Technology

Data Content

The primary data objects in TreeBASE are bibliographic references to published phylogenetic studies, taxon by character data matrices, and phylogenetic trees resulting from the analysis of such data matrices. Information is also available that links data matrices and trees, including types of analyses performed, software used, etc. Wherever possible, taxon labels are mapped to uBio's name services and NCBI's taxonomy.
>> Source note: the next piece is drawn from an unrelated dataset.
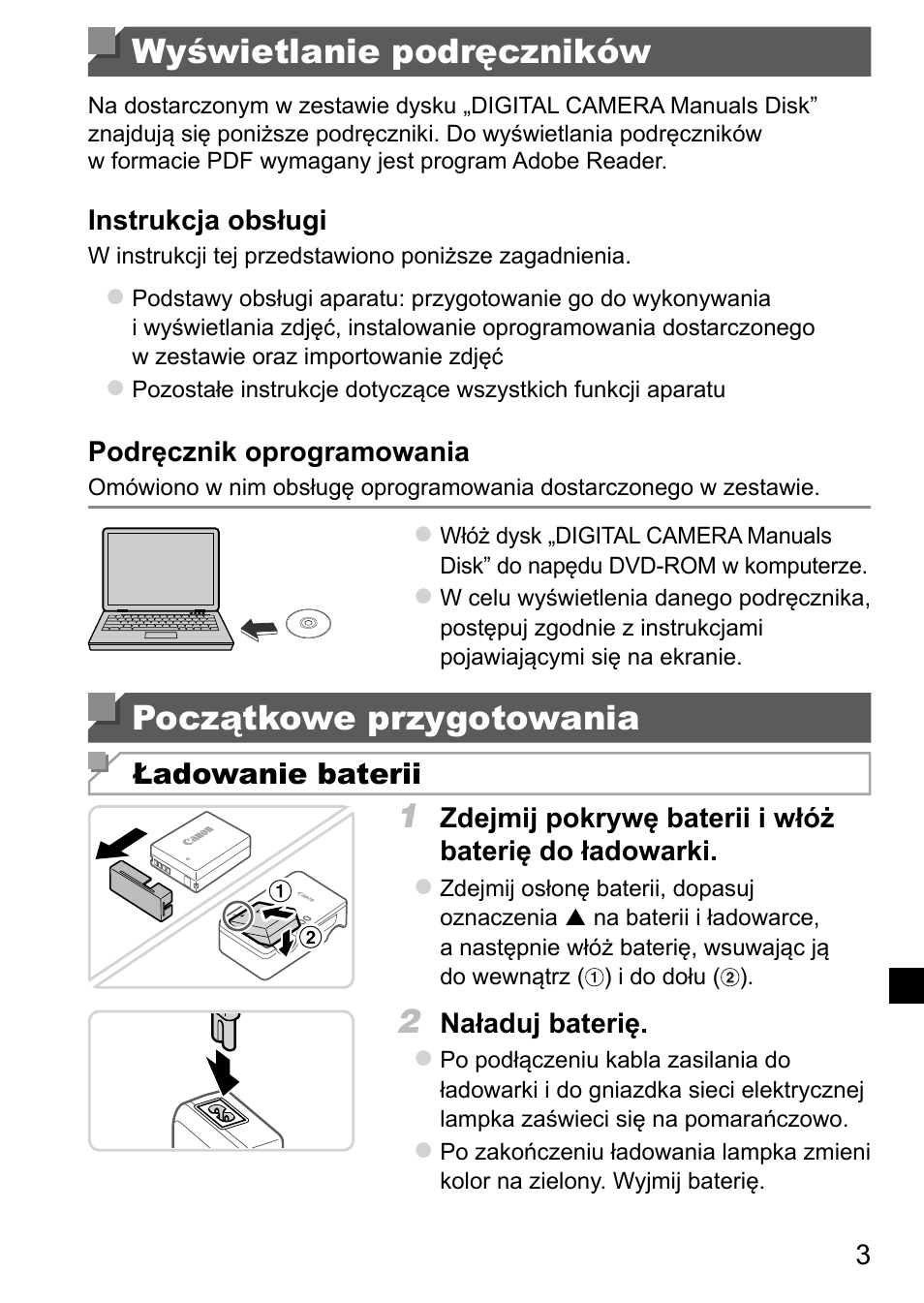 Wyświetlanie podręczników, Początkowe przygotowania | Canon PowerShot G15 User Manual | Page 99 / 146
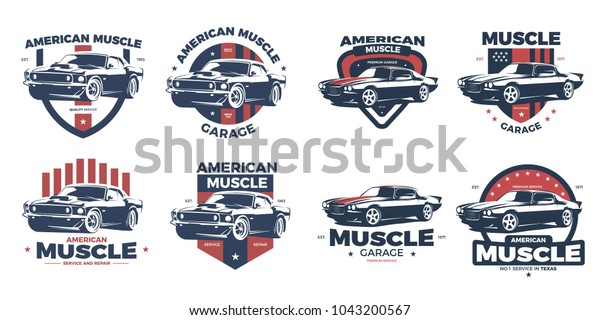 American Muscle Car Logo Design.This\
logo is suitable for vintage, old style or classic car garage,\
shops, repair. Also for car restoration, repair and\
racing.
Implementation Technologies

Source Code

Code developed for the TreeBASE project is part of the TreeBASE GitHub organization. The source code for the web application and the database can be downloaded from the git repository under a BSD license. Documentation on installing and running TreeBASE can be found at the TreeBASE wiki.

Architecture

TreeBASE has a tiered Java-based architecture using the Hibernate and Spring frameworks built on a PostgreSQL database. The following schematic illustrates the content and features of this software stack:

TreeBASE architecture
  1. TreeBASE stores alignments, character matrices, and trees used for research that is published in peer-reviewed journals and books.
  2. Each study has one or more analyses; each analysis has one or more steps; each step associates matrices and trees with algorithms and software.
  3. Each row of sequence alignments or coded characters has a taxon label that maps to leaf nodes on associated trees. Trees are hashed to allow topological querying.
  4. Each row in a character matrix can be subdivided into one or more row segments; each row segment can have associated specimen, tissue, or gene sequence metadata.
  5. Names in the rows of a matrix and in row segment metadata can independently map to a dictionary of name variants, which maps to a taxonomy. This taxonomy will be mapped to a classification tree in the next release.